But labor-based grading means something very different now. According to its leading proponent, Asao B. Inoue, the underlying assumption is that “[i]t’s better to separate the course grade from how and what students learn in the course.” He’s not kidding. I’ll let him say it again: in his labor-based grading contracts, “how anyone judges writing quality is divorced from how final course grades are determined.”
How are labor-based grades calculated, then? Largely by participatory measures: attendance, discussion, workshop feedback, and completion of assignments. The actual writing could be completely incoherent and a student could still earn a B. If this seems too shocking to be true, Inoue is in demand as a consultant for writing pedagogy. He gave the Chair’s Address at the 2019 National Council of Teachers of English (see the video or the full text here). In fact, his influence on the state of Washington is so profound that half of the community and technical colleges there either presently offer or are planning to offer English courses with labor-based grading.

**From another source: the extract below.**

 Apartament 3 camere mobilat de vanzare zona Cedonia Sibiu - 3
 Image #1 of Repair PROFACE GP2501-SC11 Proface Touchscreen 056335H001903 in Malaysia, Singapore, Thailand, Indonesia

I find labor-based grading a dangerous trend for many reasons, as I’ll explain. But I’m writing about it today because I’m baffled by how labor-based grades can coexist with academic assessment. That is, how can institutions that ask their faculty to measure student progress, either to earn accreditation or to evaluate teaching effectiveness, allow some courses to dispense with formal evaluation of academic achievement altogether? I am no fan of assessment. But a course with labor-based grades yields no data whatsoever about whether students are writing better thesis statements or mastering skills like organization or paraphrase. In fact, I’m at a loss to explain how any institution that supports labor-based grading contracts can justify charging tuition for writing courses where there is no evaluation of structure, clarity, or depth of evidence, not to mention basic grammar and spelling, in student work.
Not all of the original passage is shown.